Mexican Chiminea - Clay Chimineas

Rely on a Mexican chiminea to heat your patio or deck space. Autumn, winter and spring evenings can be rather chilly in most areas. People want to enjoy time outdoors watching stars or chatting with loved ones, but cooler temperatures can put a damper on evening plans.

Outdoor Chiminea - Find it. Love it. Buy it.

With an outdoor chiminea, your outdoor space is warmed by a cozy fire contained within a fired clay patio heater.

Before Using Your Mexican Chiminea

After purchasing a patio chiminea, you should season the clay to prevent cracking. Many manufacturers do this before packaging the outdoor patio heaters, but make sure of this before burning wood.

If you're unsure, place a layer of fish tank gravel or play sand into the bottom of the Mexican chiminea. Usually a two-inch deep layer is good. Next, place three or four pieces of kindling onto the sand or gravel and let them burn completely. Repeat this process six times and then allow the patio chiminea to cool. After this, you can begin making larger fires.

Building a Fire in a Mexican Chiminea

When you build your first large fire in a Mexican chiminea, there are things you should remember. First, never use lighter fluid. It will soak into the clay and cause irreparable damage.

Light your fire using newspaper and small pieces of kindling or fat wood. Once this is burning, add small logs that are no longer than the area of your outdoor fire pit. If your patio chiminea's burning area is 12 inches, stick to 10 inch logs.
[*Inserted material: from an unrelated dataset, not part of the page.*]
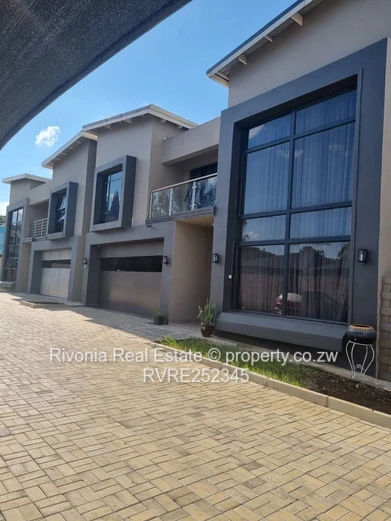Luxury 5-Bed Highlands Apartment with Double Garage & Borehole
Avoid using green wood because creosote will increase blackening the interior of your garden chiminea and causing the stove pipe area to clog up. You can tell if wood is green or not by looking at the cut surface. It should be brownish and have cracks running from the center. If you can buy kiln dried firewood, you'll find it burns best.

Never burn pressure treated wood. It releases chemicals into the air that pose health risks. The best woods for a Mexican chiminea are cedar, apple, hickory, maple and cherry. The smoke that these produce often helps to keep mosquitoes and other biting insects at bay.